Title: Desktop Frozen
Post by: guestolo on September 09, 2012, 08:56:09 PM

again, I'm out of town, if you still need a hand... I'm sure you have to replace the Harddrive
But, it will have to wait till I get back home
Thursday at the earliest, very sorry  /unsure.gif\' class=\'bbc_emoticon\' alt=\':unsure:\' />

Title: Desktop Frozen
Post by: indfin on September 09, 2012, 09:20:51 PM

No problem.  Reply when you are back and will take it up then.

Title: Desktop Frozen
Post by: guestolo on September 14, 2012, 10:57:09 AM

Do you have an empty USB flashdrive? We can still try and get Seatools for Dos to run from it
Format the flashdrive to fat32 aheand of time... Insert the drive into computer
Go to START>>Computer.. right click your thumbdrive and choose the format>quick option

Put Seatools for Dos on usb drive: Here are the instructions:
http://techno-jack.blogspot.ca/2011/09/how-to-create-bootable-usb-disk-for.html

NOTE: on step 1 it gives a download link to Seatool Bootable disk
DON'T use that download link, instead, use your download of Seatools for Dos .iso file
or redownload from here
http://www.seagate.com/support/downloads/seatools/

you will need a tool to extract the .iso file
If you don't have one, use 7zip
here's a link
http://www.7-zip.org/download.html
download the .exe file and install it
Extract Seagate tools .iso file to it's own folder on desktop by right clicking it
Choose 7zip >> Extract to SeatoolsDosAll.......

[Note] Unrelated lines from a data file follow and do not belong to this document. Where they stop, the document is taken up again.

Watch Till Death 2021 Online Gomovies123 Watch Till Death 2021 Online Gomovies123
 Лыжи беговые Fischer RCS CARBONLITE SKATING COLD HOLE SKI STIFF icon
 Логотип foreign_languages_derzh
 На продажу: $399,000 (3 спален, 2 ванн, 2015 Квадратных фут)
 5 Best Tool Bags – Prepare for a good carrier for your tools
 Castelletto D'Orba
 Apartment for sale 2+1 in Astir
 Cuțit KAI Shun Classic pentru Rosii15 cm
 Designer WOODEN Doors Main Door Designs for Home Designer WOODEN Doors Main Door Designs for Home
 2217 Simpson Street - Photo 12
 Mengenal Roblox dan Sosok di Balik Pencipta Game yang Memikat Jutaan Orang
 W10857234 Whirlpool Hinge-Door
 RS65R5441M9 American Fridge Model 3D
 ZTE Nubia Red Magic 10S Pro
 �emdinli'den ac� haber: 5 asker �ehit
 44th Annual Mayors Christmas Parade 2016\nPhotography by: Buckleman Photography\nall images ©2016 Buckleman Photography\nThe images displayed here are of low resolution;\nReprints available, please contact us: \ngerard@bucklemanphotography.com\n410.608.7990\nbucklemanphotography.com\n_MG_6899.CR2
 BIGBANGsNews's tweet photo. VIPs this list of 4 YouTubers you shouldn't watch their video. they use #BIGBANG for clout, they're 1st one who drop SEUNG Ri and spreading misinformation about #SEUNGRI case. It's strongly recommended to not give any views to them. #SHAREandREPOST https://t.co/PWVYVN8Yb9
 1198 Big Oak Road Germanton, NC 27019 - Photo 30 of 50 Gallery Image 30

A tool to help create a bootable usb
Nothing to install: But download win32diskimager (http://"https://launchpad.net/win32-image-writer/0.6/0.6/+download/win32diskimager-binary.zip")
Again, extract to it's own folder
In step 3 it ask to look for Seatools.img file
You may not see that file, so when browsing for it in the SeatoolsDos23all folder, if you don't see Seatools.img
Change the save as type from *.img*,IMG file >>>> and choose just  *.*
Then select the seatools.ima file
After successfully creating the bootable usb

Next: Ensure your computer is set to boot from USB flash drive or USB-HDD
Here's some info:
http://saveme.danfischbach.com/usbbios

Also, while your in the bios. Can you ensure that IDE controllers are enabled.. Just double checking to see
if that is why you can't boot to CD/DVD or use it

Title: Desktop Frozen
Post by: indfin on September 17, 2012, 07:52:49 PM

Hi and thank you for your reply.  I will be back at my desk on Wednesday and run what you asked me to at that time.  Thanks again.

Title: Desktop Frozen
Post by: indfin on September 30, 2012, 04:11:40 PM

Sorry for not getting back for so many days.  As you may have well guessed, my computer just died.  

I put the hard drive from this computer into the new one, but it does not even show up.  In any event, I had backed up all my data just in the nick of time and am up and running with a new machine.  Thank you for all your time and effort.  Truly appreciate it.